Co do mojego autka – cóż jest to po prostu klasyczny Mercedes,

jakich wiele w naszym kraju spotkać można (np na Allegro).

Opisać go można w skrócie tak:
Ospoilerowany, bezwypadkowy, w dobrym stanie. Kupiony po pierwszym właścicielu - kobiecie rzecz jasna i do tego, co tylko w niedziele do kościoła jeździła. Lakier metalik matowany szmerglem, szyby przyciemniane sprayem do pielęgnacji obuwia z nubuku, chromowana krata wlotu powietrza i końcówka rury wydechowej.

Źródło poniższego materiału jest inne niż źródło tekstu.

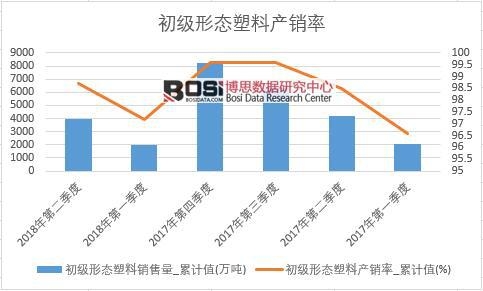 ����(j��)�ΑB(t��i)���Ϯa(ch��n)�N��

Szyberdach na zawiasach, alufelgi, sprzęt stereo also playable mono Panascanix plus 2 kasety gratis. Antena wysuwana "one man operated". Komputer pokładowy ZX Spectrum 48k z magnetofonem.

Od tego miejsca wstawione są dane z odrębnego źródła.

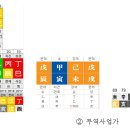 통관용신의 존재 여부에 따라 흉길이 결정이 난다. 이미지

Podgrzewane lusterka i szyby (propan-butan), centralny zamek Gerda Tytan, klimatyzacja "Polar", barek, lodówka (zwłaszcza w zimie), zlewozmywak dwukomorowy (w czasie deszczu) , kuchenka mikrofalowa z grillem (latem), siedzenia lotnicze kubełkowe, poduszka dla kierowcy*******, kołdra dla pasażera, antyalergiczne pasy bezpieczeństwa, regulowane z zewnątrz popielniczki, dodatkowy zbiornik 150 litrów w bagażniku.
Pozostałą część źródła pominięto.